Личности Корнилова в этой книге воздали по заслугам. Автор, Андрей Харшак, не просто исследователь жизни Петра Евгеньевича, он член его семьи. Это обстоятельство позволяет повествовать о его жизни не столько нейтральным тоном беспристрастного хронографа, сколько - наоборот, дает право говорить с позиций личной заинтересованности, позволяет субъективность оценок событий. Это помогает всесторонне рассматривать тот или иной факт. А факт, как известно, даже если он подтвержден документально, не может работать без учета межстрочного смысла, понятного лишь самым близким. И высшая, справедливая объективность здесь, как это ни парадоксально, зиждется на субъективности трактовки автора. Тем более что модуль этих трактовок держится за счет огромного числа "несущих" конструкций - документального материала, которого в книге мы находим с избытком. Каждый разворот пестрит такими ценными "летучками" - пригласительными билетами, обложками изданий, фрагментами рукописей, рисованными виньетками-посвящениями и даже блокадными талонами на питание.

Немаловажно также еще и то, что сам Андрей Харшак - высокопрофессиональный художник-график и педагог. Его понимание тончайших нюансов графического мастерства позволяет оценить те узкоспециальные темы, внутри которых дилетанту ориентироваться довольно сложно. Автор терпеливо разъясняет особенности того или иного графического жанра, материала и техники создания гравюры, и это связано с сюжетами из биографии Корнилова, который к печатной графике, как известно, "неровно дышал".

Подкупает обилие фотографического и изобразительного материала - книга беспрецедентно щедро проиллюстрирована. Многие из сотен изображений публикуются впервые. Петр Евгеньевич и сам много снимал, особенно во время работы в Бухаре в 1930-е гг. Мир Востока, только что освобожденный от басмачей, со следами еще архаично-феодального порядка, увиденный через объектив его камеры - захватывающее зрелище. Хорошо представлен раздел "Друзья и современники". Произведения графики, подаренные авторами Корнилову, неважно - выполнены ли они знаменитыми мастерами (Митрохин, Кустодиев, Верейский, Кругликова) или малоизвестными (Пильщиков, Вильковиская), наполнены особым духом творческого братства, в них - печать добра и вдохновения; художники знали, что эти рисунки доставят Корнилову радость, а нам - радость сегодня их рассматривать.

 

Д.И. Митрохин. Посвящение П.Е. Корнилову. 1925. Бумага, акварель, тушь. Собрание семьи П.Е. Корнилова, СПб.

 

К несомненным плюсам книги я отношу развернутый указатель имен, где можно найти неизвестные сведения о биографиях многих художников, ученых, деятелей культуры, к недостаткам - отсутствие полного списка печатных научных работ Корнилова. За шесть десятков лет их наберется несколько сотен, и, конечно, собрать все эти библиографические сведения - колоссальный труд. Но эта задача “стоит свеч”. Такие списки помогают исследователям обращаться к первоисточникам, а не к фрагментам купированного авторского текста, которые приводят в своих статьях другие искусствоведы.

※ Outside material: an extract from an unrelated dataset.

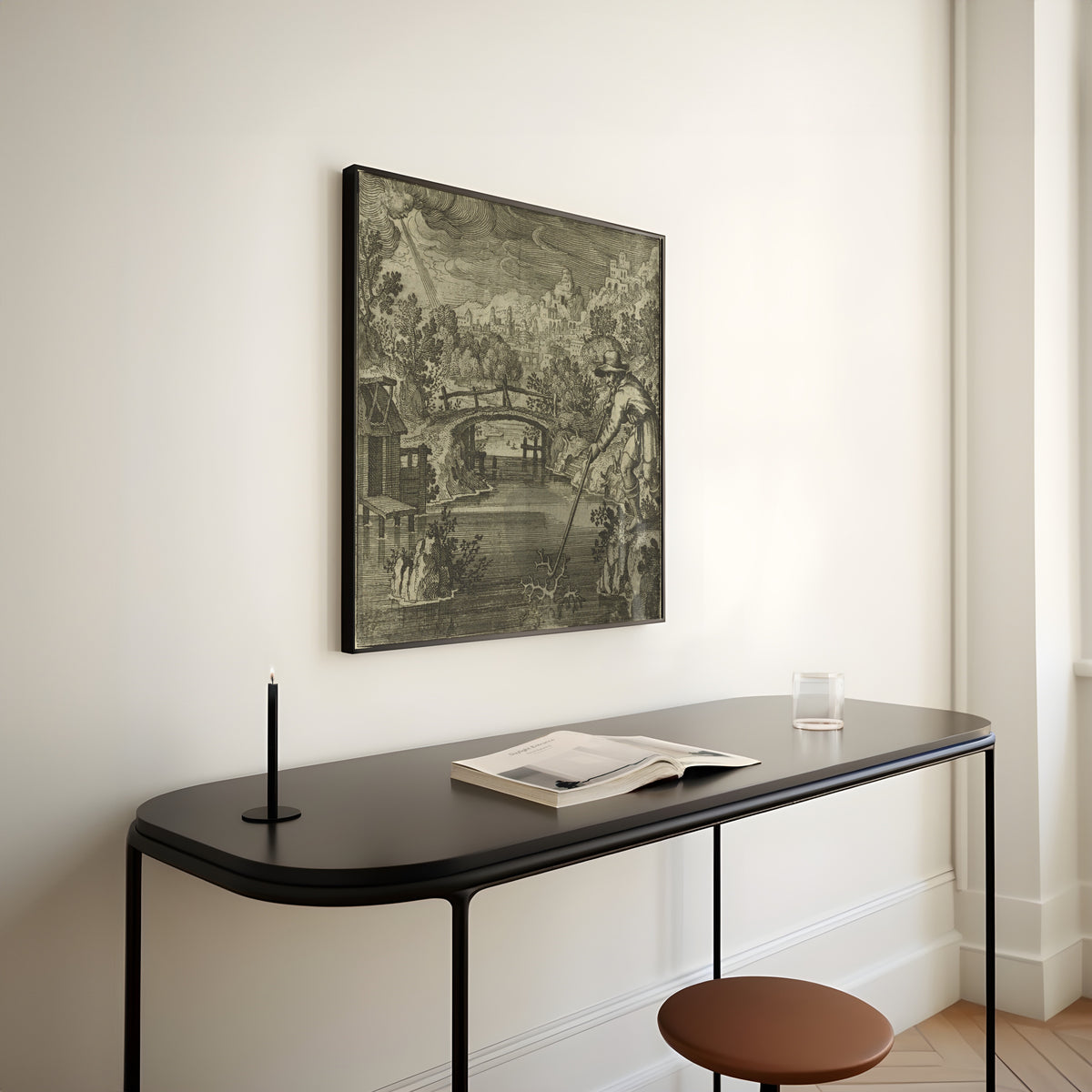 Framed art print of Atalanta Fugiens, Emblem 32: As Coral Grows Under Water and Hardens in the Air, So Does… by Michael Maier, above a slim black console table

Книга может послужить образцом жизнеописания человека особой профессии в особенной исторической эпохе – когда факты биографии творческой личности сами по себе изложены не творчески, а дидактически, опираясь на документальную фактологию и историческую достоверность. Временами кажется, что главный герой книги - Петр Корнилов – сам выступает со своим монологом, который звучит ясно и доходчиво. В этом большая заслуга автора этого исследования, дающего иногда деликатные, но всегда убедительные сопроводительные комментарии. Язык описания, примененный в этой книге Харшаком, и есть та скрытая сила убеждения, заставляющая отнестись к биографии как к памятнику знаменитому теоретику и искусствоведу. Таких памятников у нас за последнее время воздвигнуто немного, и книга Харшака в этом благородном деле - едва ли не первенец.